In this article, we'll cover three factors that are easy to miss when putting together a fall safety plan but that should be taken into account if you want to ensure a safe workplace.
Identifying Fall Risks on the Jobsite
Falls are the leading cause of death in the construction industry, accounting for 37% of construction fatalities in 2021. It’s a tough pill to swallow, but every one of these deaths could have likely been prevented with proper planning, adequate training, and the right equipment.
Safely managing risk means being able to effectively identify potential fall hazards or threats to the safety of workers at heights. A big part of this is ensuring that qualified professionals conduct full, comprehensive assessments on a regular basis. Moving to a new worksite? Have to change tactics to finish off a project? Risk assessments are also a good idea in those types of situations.
Unfortunately, not all fall hazards are obvious and in your face. That’s why it’s especially important for employers and workers alike to be aware of potential risks that might be less noticeable than a large opening in a deck.
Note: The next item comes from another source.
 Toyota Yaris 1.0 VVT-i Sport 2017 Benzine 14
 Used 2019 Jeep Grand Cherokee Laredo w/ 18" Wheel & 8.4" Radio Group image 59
(Learn more in 5 Dangerous Misconceptions About Fall Protection)
To make those risks more evident, let's take a look at three risks that your fall arrest planning might be neglecting:
- Less obvious fall hazards
- Faulty equipment
- Fall rescue
Less Obvious Fall Hazards
It’s easy to identify a gaping hole in the floor as a safety risk for workers, but some hazards are less apparent and require a more nuanced approach to risk assessment.
Skylights are one of the most common “hidden” fall hazards. Since they’re often covered by glass or plastic, workers mistakenly think they are safe. Some even go as far as to lean or sit on them to take a break. But it's important to remember what a skylight really is: a hole in the roof. Skylights are designed to keep animals, debris, rain, and snow out of a building – not to hold the weight of a human.
OSHA rules mandate that “Every skylight opening and hole shall be guarded by a standard skylight screen or a fixed standard railing on all exposed sides.” Whether or not there is an open hole is irrelevant. The Occupational Safety and Health Review Commission determined that the term “opening” may also refer to areas where is a less dense material creating a void in a denser one – as is the case with a skylight.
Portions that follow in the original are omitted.